[What is expected] The lines from the one containing "Women's Palladium Pampa" to the end of the entries, both included, are what you need to transcribe exactly, without pictures and without anything else.

[Extracted data]

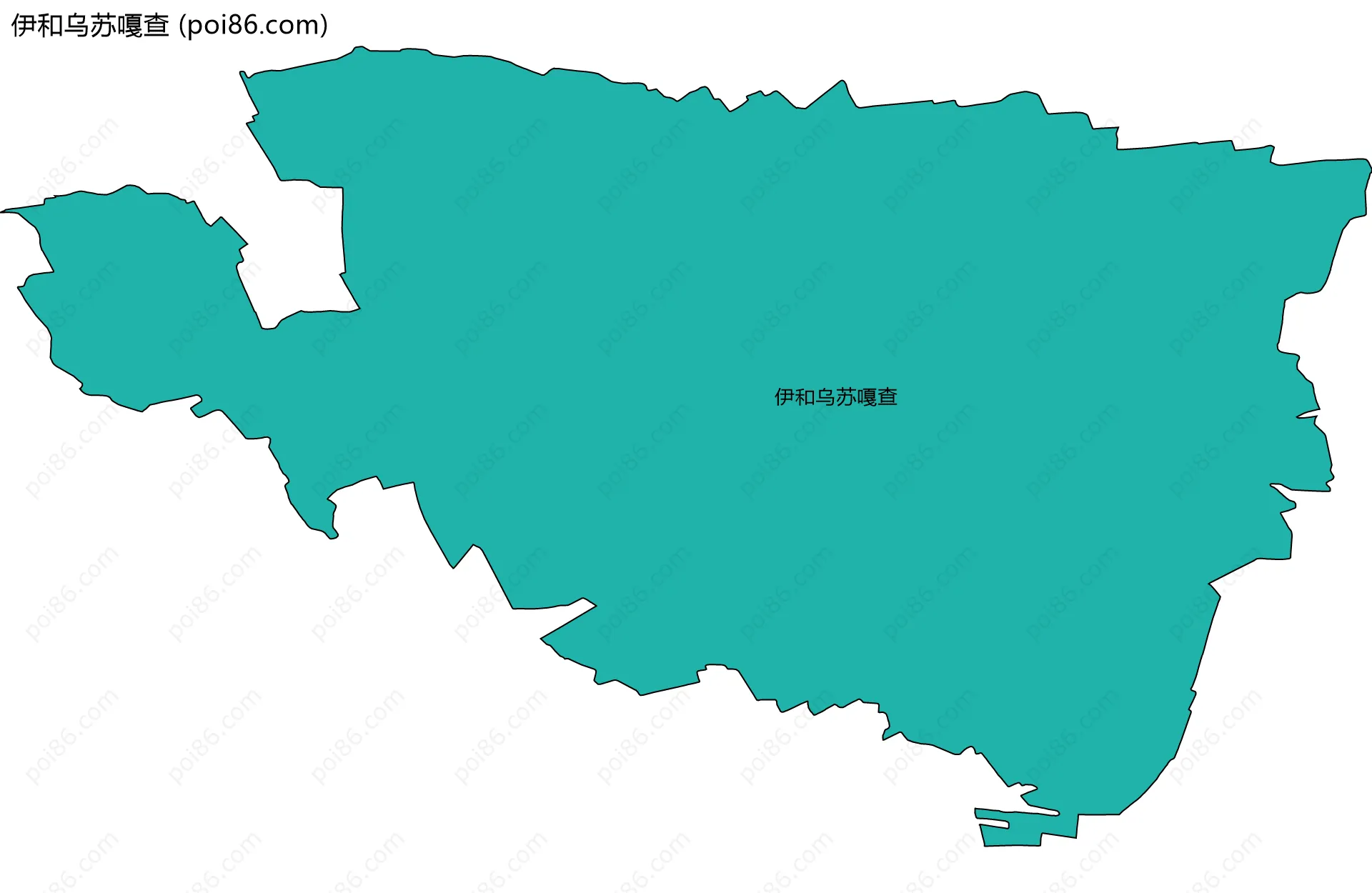 伊和乌苏嘎查边界地图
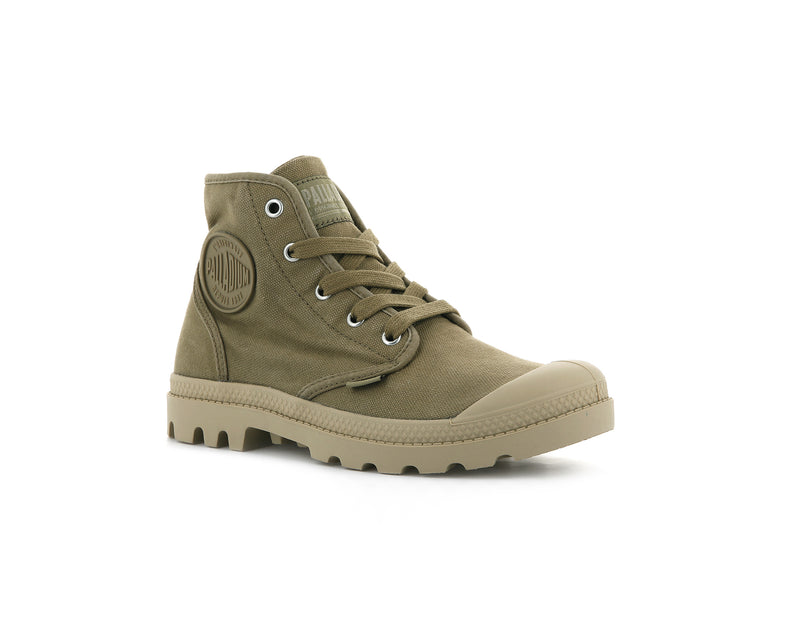 Women's Palladium Pampa Hi Boots Olive | UAE  TDSQY3405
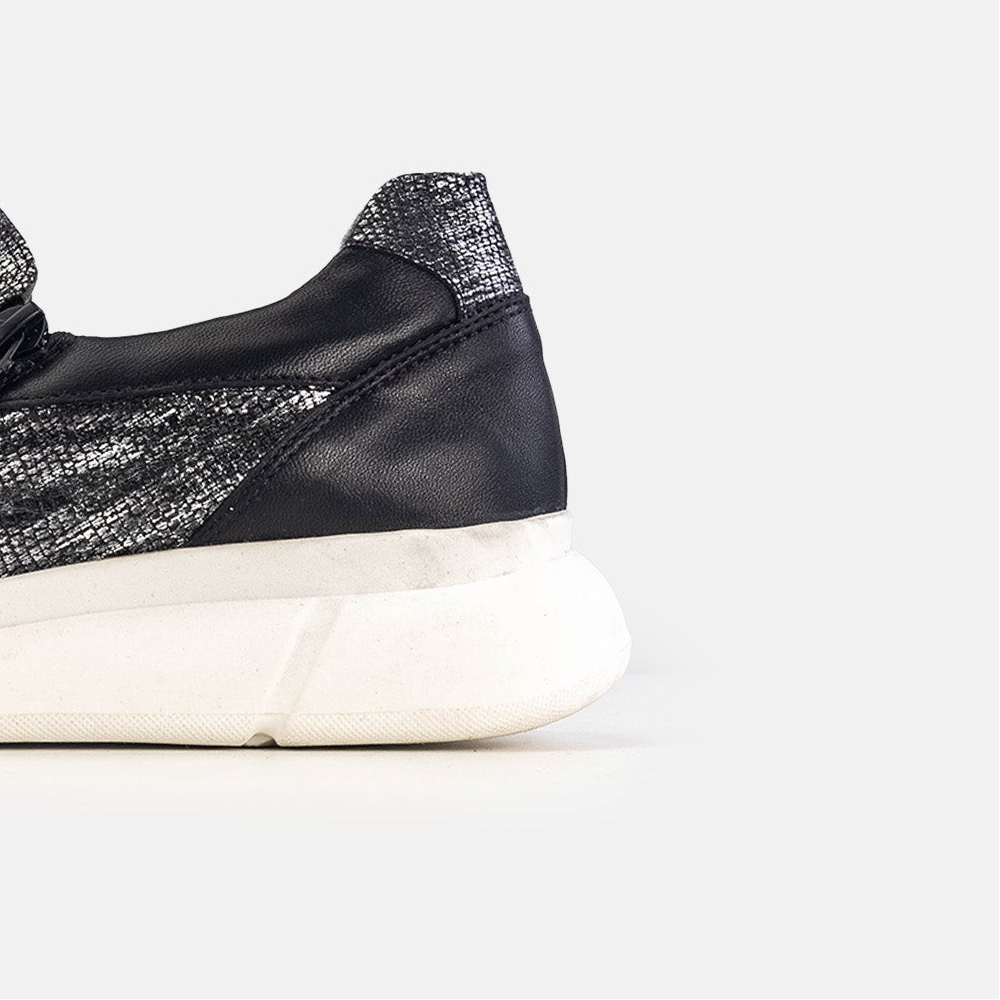 Volzak 178 Basket en cuir Noir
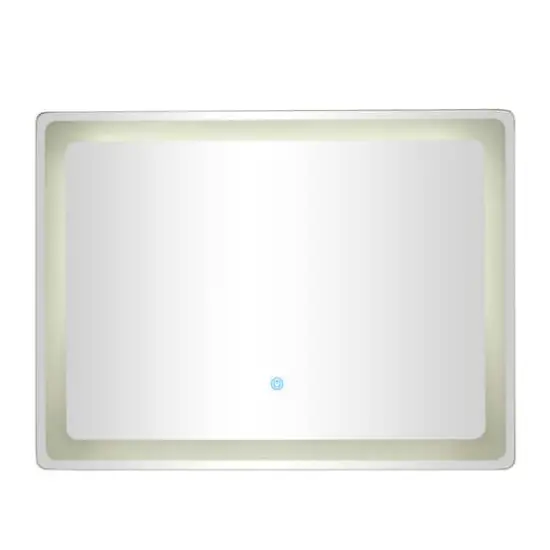 Clear Glass Modern LED Mirror, 32" x 1" x 24" {1}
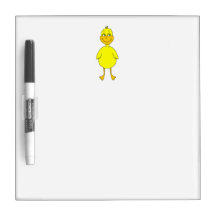 Cute Yellow Duck. Dry-Erase Board
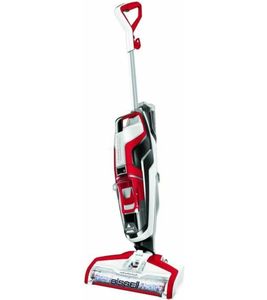 Bissell CrossWave Essential 3-in-1 Nass- und Trockensauger / Bodenreiniger mit zwei-Tank-Technologie Staubsauger Inkl. 236 ml Multi-Surface Reinigungslösung 560 W **B-Ware – geprüft** Weiß/Rot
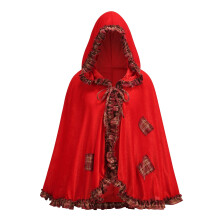 maxToonrain Women Little Red Riding Hood Hooded Cape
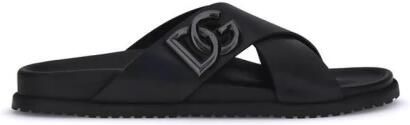 Dolce & Gabbana Leren Sandalen met Kruisband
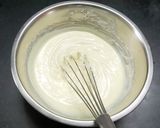 A picture of step 2 of Bhapa doi (steamed yoghurt pudding).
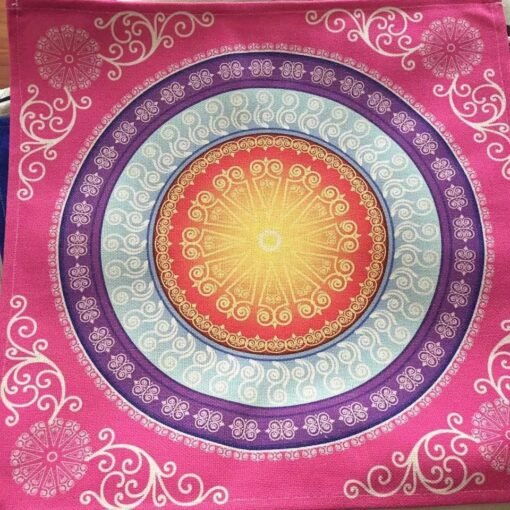 能量塔罗布~祭坛布魔法仪式桌布 生命之花桌布 塔罗占卜桌布灵性能量冥想仪式：圖片 24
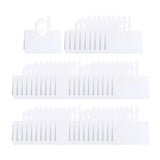 Maxbell 50Pcs Wedding Place Cards Mark Card Elegant for Restaurant Anniversary Decor White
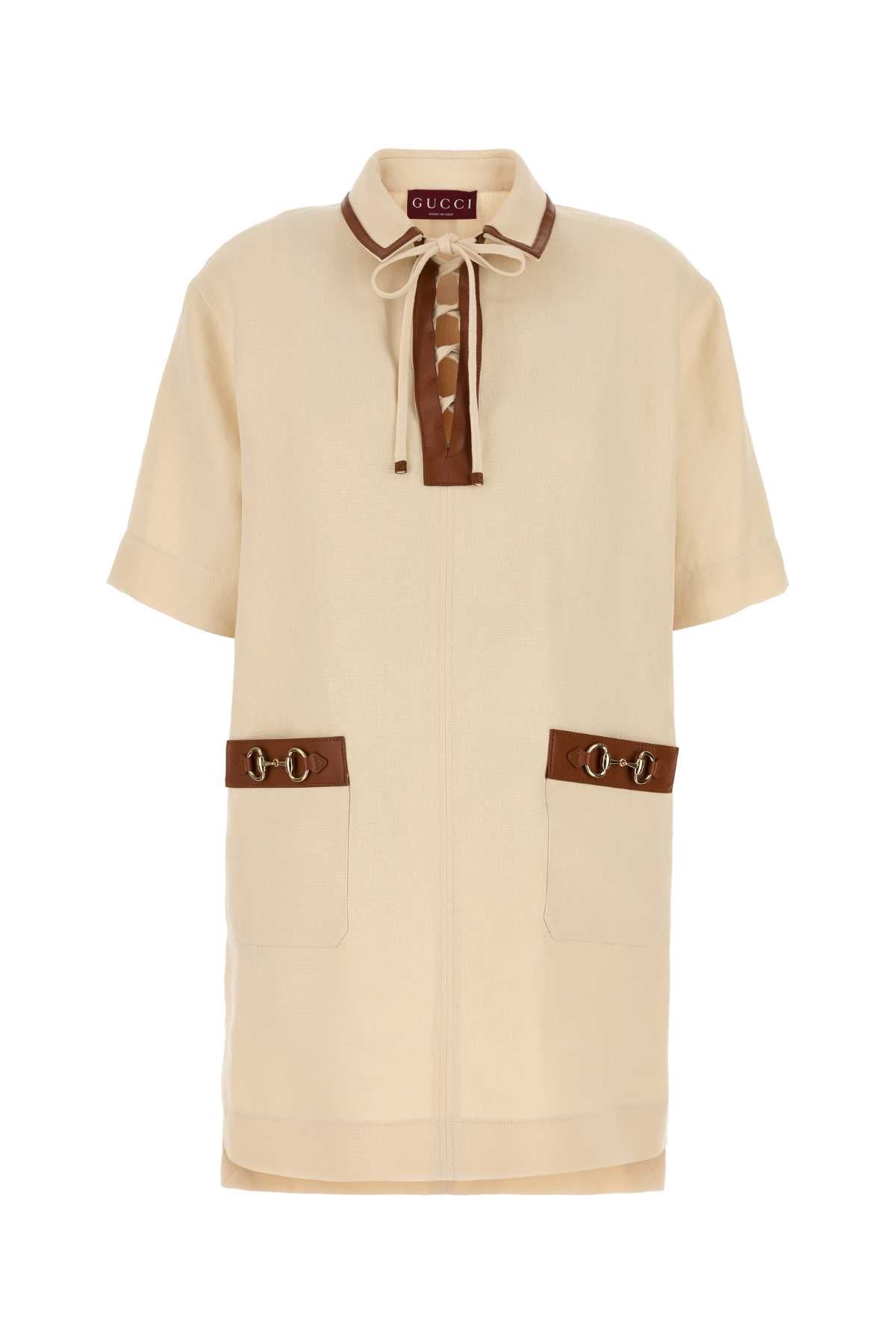 DRS LINEN W/HORSEBIT&LEATHR_8 DRESSES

[Exercise answer]
 Women's Palladium Pampa Hi Boots Olive | UAE  TDSQY3405
 Volzak 178 Basket en cuir Noir
 Clear Glass Modern LED Mirror, 32" x 1" x 24" {1}
 Cute Yellow Duck. Dry-Erase Board
 Bissell CrossWave Essential 3-in-1 Nass- und Trockensauger / Bodenreiniger mit zwei-Tank-Technologie Staubsauger Inkl. 236 ml Multi-Surface Reinigungslösung 560 W **B-Ware – geprüft** Weiß/Rot
 maxToonrain Women Little Red Riding Hood Hooded Cape
 Dolce & Gabbana Leren Sandalen met Kruisband
 A picture of step 2 of Bhapa doi (steamed yoghurt pudding).
 能量塔罗布~祭坛布魔法仪式桌布 生命之花桌布 塔罗占卜桌布灵性能量冥想仪式：圖片 24
 Maxbell 50Pcs Wedding Place Cards Mark Card Elegant for Restaurant Anniversary Decor White
 DRS LINEN W/HORSEBIT&LEATHR_8 DRESSES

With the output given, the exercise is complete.